Brief descriptive captions:

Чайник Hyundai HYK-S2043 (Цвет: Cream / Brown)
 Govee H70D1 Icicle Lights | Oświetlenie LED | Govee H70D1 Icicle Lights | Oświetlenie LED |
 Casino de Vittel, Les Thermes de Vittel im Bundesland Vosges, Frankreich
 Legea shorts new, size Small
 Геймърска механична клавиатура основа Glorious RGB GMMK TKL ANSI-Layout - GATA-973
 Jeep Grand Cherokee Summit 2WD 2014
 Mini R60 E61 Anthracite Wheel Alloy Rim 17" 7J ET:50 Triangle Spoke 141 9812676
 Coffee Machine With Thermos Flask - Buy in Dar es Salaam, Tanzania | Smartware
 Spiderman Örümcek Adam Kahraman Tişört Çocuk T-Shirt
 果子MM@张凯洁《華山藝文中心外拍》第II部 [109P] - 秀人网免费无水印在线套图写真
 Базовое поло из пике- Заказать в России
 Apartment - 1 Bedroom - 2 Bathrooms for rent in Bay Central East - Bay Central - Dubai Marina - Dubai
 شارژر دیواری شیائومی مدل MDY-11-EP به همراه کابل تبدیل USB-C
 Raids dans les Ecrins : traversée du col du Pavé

• _Task prompt_: From the very first line of the records down to the line with "Legea shorts new, size Small", please write out each line exactly, including both ends and no other lines.

• _Your solution_:
Чайник Hyundai HYK-S2043 (Цвет: Cream / Brown)
 Govee H70D1 Icicle Lights | Oświetlenie LED | Govee H70D1 Icicle Lights | Oświetlenie LED |
 Casino de Vittel, Les Thermes de Vittel im Bundesland Vosges, Frankreich
 Legea shorts new, size Small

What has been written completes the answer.